▽

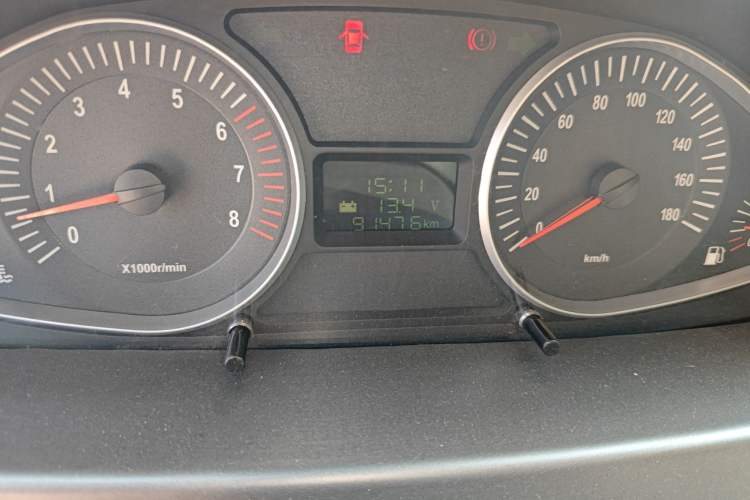 Used JAC Group Refine 2011 2.4L Colorful Journey Gasoline Standard Edition HFC4GA1-C
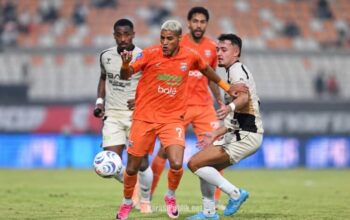 Brace Denilson Junior Bawa Dewa United Taklukkan Borneo FC 3-1 di Segiri Samarinda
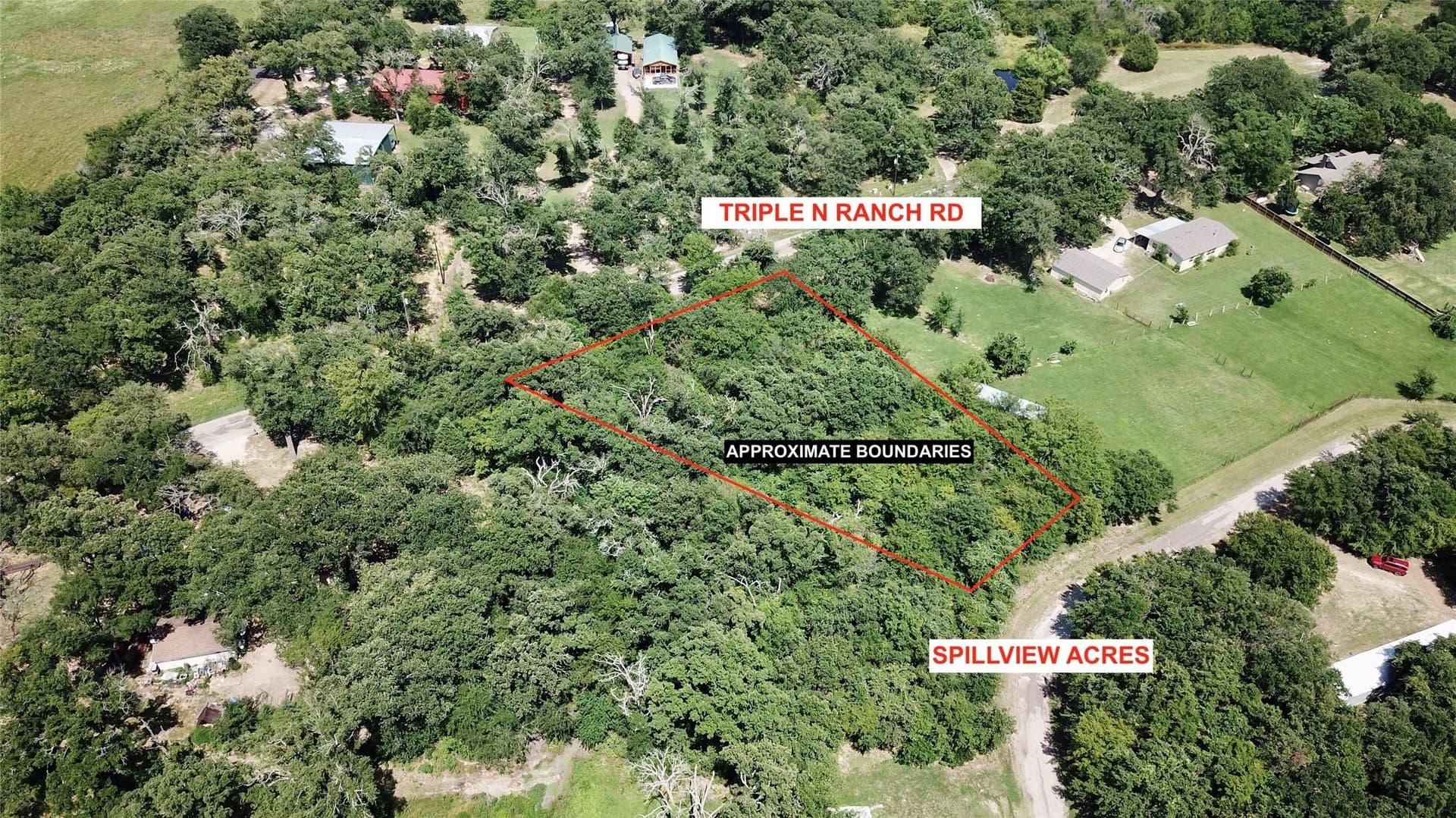 0.96 acres in Henderson County gallery image 3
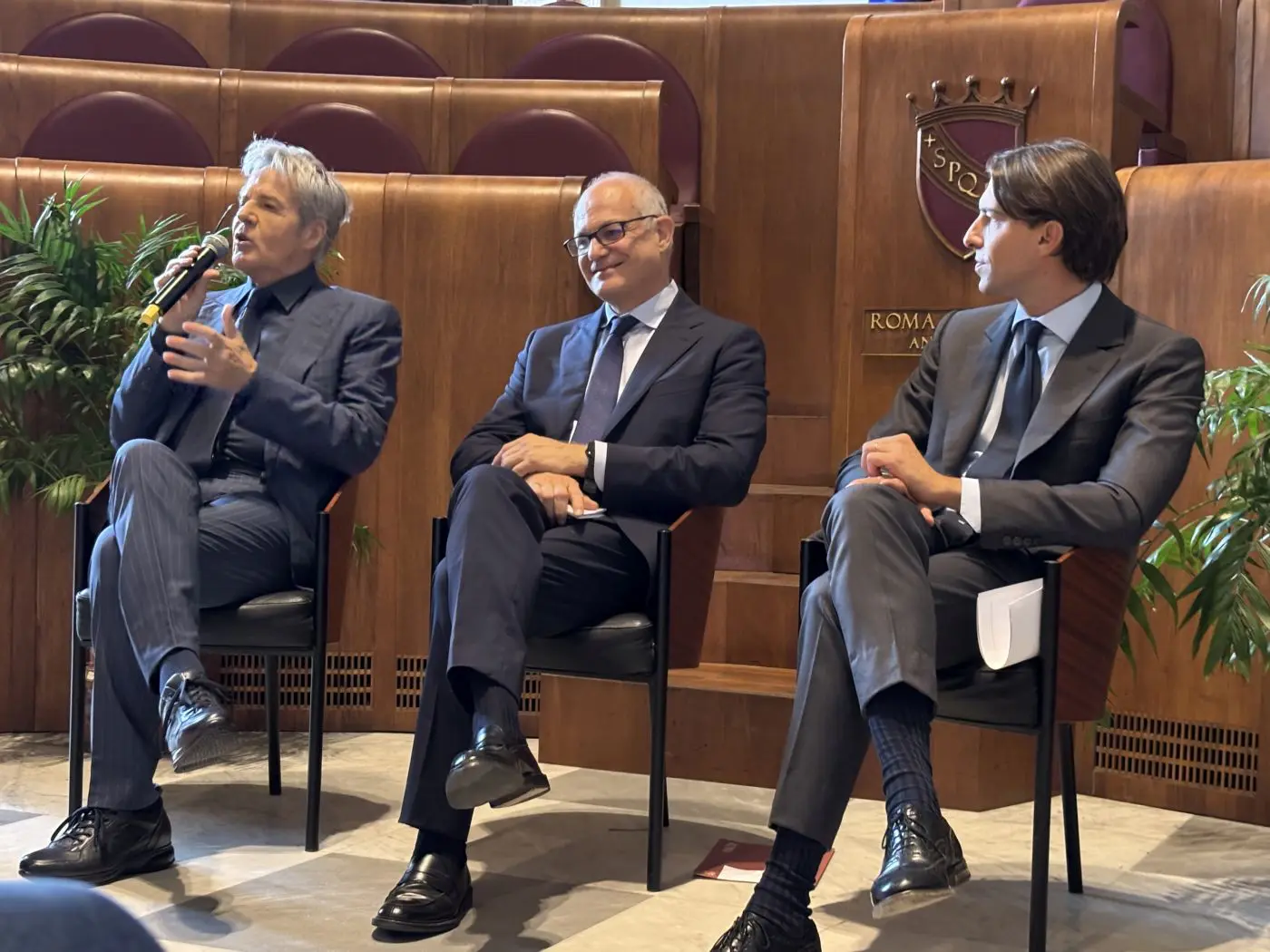 Baglioni a Roma con 7 concerti a Piazza di Siena 44 anni dopo “Alé-OO”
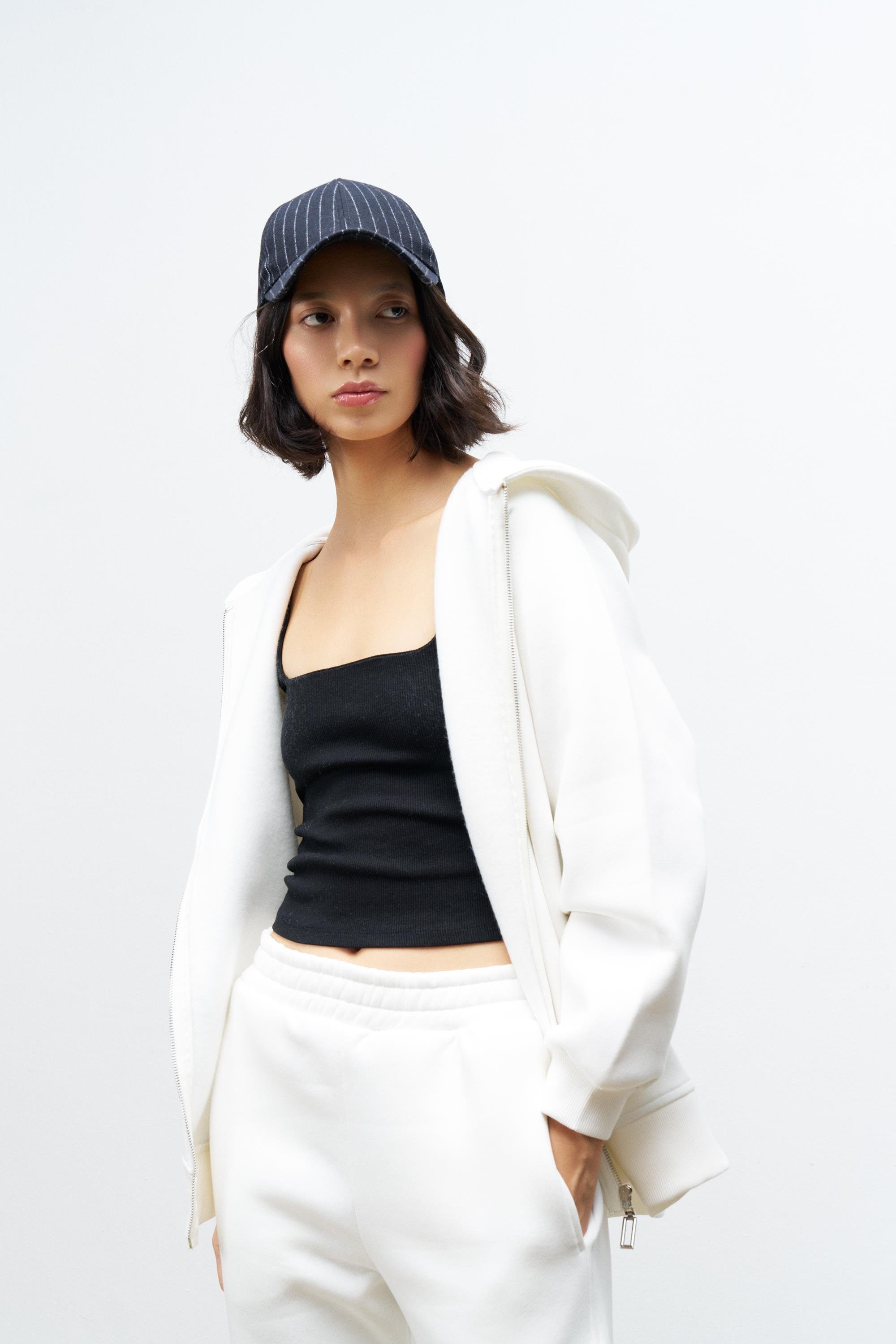 Ekru Kadın Cep Etiket Detaylı  Kapüşonlu İçi Polarlı Alt Üst Takım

△

## Try it
Can you repeat every record above exactly, apart from the pictures?

## Output for this exercise
 Used JAC Group Refine 2011 2.4L Colorful Journey Gasoline Standard Edition HFC4GA1-C
 Brace Denilson Junior Bawa Dewa United Taklukkan Borneo FC 3-1 di Segiri Samarinda
 0.96 acres in Henderson County gallery image 3
 Baglioni a Roma con 7 concerti a Piazza di Siena 44 anni dopo “Alé-OO”
 Ekru Kadın Cep Etiket Detaylı  Kapüşonlu İçi Polarlı Alt Üst Takım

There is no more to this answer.